Unfortunately BOM are tweeting the new year now due to let downs and lock downs but we might have an "Howie Did It!" this year

I'm thinking wheel arches :car:


----------



## Forsh

Waaaaait forrrr it!


----------



## Forsh

Heads up guys!


----------



## SunnyBoi

Ooh when is the next binky episode coming?


----------



## Forsh

Not long now...
It's expected sometime before next Christmas
Exciting times!


----------



## Forsh

SunnyBoi said:


> Ooh when is the next binky episode coming?


9 days!

Ep.33 Friday 29th Jan


----------



## Darlofan

Forsh said:


> 9 days!
> 
> Ep.33 Friday 29th Jan


This is going to be a good one.


----------



## Forsh

Enjoy!


----------



## Darlofan

Absolutely stunning work as always. Loved the voice over too describing every process in detail.


----------



## Forsh

To have that kind of plan in your minds eye is one thing but to follow through with it to achieve such a stunning result, (as Rich would say..) is quite the thing!

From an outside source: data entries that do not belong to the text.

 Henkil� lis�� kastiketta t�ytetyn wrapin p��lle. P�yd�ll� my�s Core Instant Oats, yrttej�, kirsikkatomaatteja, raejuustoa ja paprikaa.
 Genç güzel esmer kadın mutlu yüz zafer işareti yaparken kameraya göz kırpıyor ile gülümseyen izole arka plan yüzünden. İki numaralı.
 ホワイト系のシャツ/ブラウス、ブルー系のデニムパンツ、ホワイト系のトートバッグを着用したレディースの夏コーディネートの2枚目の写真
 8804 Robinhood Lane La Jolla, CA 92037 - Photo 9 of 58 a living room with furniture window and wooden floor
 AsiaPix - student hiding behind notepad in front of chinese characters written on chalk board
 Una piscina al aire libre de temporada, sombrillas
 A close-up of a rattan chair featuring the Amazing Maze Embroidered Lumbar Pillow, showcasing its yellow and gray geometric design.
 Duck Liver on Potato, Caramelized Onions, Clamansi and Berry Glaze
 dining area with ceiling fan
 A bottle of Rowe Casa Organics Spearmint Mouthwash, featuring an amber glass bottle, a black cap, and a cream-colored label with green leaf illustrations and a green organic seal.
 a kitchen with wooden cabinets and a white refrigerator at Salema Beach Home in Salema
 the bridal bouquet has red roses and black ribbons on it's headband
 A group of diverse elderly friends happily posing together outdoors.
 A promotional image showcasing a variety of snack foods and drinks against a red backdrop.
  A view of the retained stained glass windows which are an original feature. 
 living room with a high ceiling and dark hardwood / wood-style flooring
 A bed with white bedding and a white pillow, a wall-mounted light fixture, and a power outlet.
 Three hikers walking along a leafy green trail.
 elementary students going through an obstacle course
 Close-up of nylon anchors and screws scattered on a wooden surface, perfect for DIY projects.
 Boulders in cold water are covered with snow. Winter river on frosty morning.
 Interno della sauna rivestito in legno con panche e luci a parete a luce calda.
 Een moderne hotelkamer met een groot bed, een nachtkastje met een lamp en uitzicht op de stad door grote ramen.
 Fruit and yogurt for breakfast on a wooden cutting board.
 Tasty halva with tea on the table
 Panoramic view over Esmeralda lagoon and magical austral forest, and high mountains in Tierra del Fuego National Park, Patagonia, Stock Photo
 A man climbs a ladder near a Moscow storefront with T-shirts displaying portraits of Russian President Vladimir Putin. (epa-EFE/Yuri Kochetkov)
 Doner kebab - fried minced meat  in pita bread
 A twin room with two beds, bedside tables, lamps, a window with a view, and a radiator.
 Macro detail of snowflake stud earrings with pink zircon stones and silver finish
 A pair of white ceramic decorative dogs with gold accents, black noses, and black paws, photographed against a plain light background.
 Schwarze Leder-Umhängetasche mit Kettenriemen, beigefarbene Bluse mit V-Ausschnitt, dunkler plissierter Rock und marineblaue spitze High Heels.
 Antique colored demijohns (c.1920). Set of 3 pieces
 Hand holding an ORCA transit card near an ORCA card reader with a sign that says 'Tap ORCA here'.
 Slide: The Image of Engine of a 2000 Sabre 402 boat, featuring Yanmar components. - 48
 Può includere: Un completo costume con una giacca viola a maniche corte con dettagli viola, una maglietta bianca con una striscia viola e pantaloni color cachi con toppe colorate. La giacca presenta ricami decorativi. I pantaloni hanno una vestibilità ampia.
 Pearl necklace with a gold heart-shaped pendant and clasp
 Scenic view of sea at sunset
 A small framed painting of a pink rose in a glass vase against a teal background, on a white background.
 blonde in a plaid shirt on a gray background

I think seeing will be believing to get the full visual effect
Would going to see it in the flesh be an _*essential journey*_? :driver:


----------



## Darlofan

Forsh said:


> To have that kind of plan in your minds eye is one thing but to follow through with it to achieve such a stunning result, (as Rich would say..) is quite the thing!
> 
> I think seeing will be believing to get the full visual effect
> Would going to see it in the flesh be an _*essential journey*_? :driver:


I'd pay to see it.


----------



## DLGWRX02

Absolutely brilliant, wow. I’ve followed this build from day one over 7 years now, and to think they may only be a few more episodes to come is a bit like that feeling you get after a few years organising your wedding and honeymoon then in the blink of an eye your home with nothing to plan.


----------



## SunnyBoi

Yay!


----------



## DLGWRX02

Episode 34 out


----------



## Darlofan

DLGWRX02 said:


> Episode 34 out Project Binky - Episode 34 - Austin Mini GT-Four - Turbocharged 4WD Mini - YouTube


Another cracker. :thumb:


----------



## Cookies

Never fails to impress. Literally, the work of genius. 

Cooks

Sent from my SM-G950F using Tapatalk


----------



## madstaff

Episode 35 out tomorrow. :thumb:


----------



## Forsh

And Ep. 36 out next week - Exciting times!

And Binky public debut at http://www.historicrallyfestival.com/site/index.php


----------



## transtek

Nothing on YT yet? Maybe it is late coming out? Anyway, I can't believe this might be coming to an end, it's like watching your child grow and then leave home!!!

EDIT: Just gone live on YT!:


----------



## Forsh

Part deux!

Ep. 36


----------



## Fentum

Is that not the cleanest and neatest retro mod ever achieved? I am in awe. 

Peter


----------



## Forsh

It is a thing of beauty!

Shame they had that bloody great leak though!


----------



## Darlofan

Tremendous episode as always. The work they do is incredible. Putting bolts through that fresh paintwork must have been nerve-wracking.
The humour in the commentary too is brilliant.


----------



## Forsh

Yes the paint must be a constant worry

I notice the front strut acquired a wrapping of cloth once it had smacked the inner wing


----------



## 20vKarlos

Fentum said:


> Is that not the cleanest and neatest retro mod ever achieved? I am in awe.
> 
> Peter


We've all been in awe for four (eight) years mate :lol:

I've watched this series three times now and I'm desperately waiting for the truck episodes to continue, as that is also next level work!


----------



## Forsh

@20vkarlos have you been abducted by aliens?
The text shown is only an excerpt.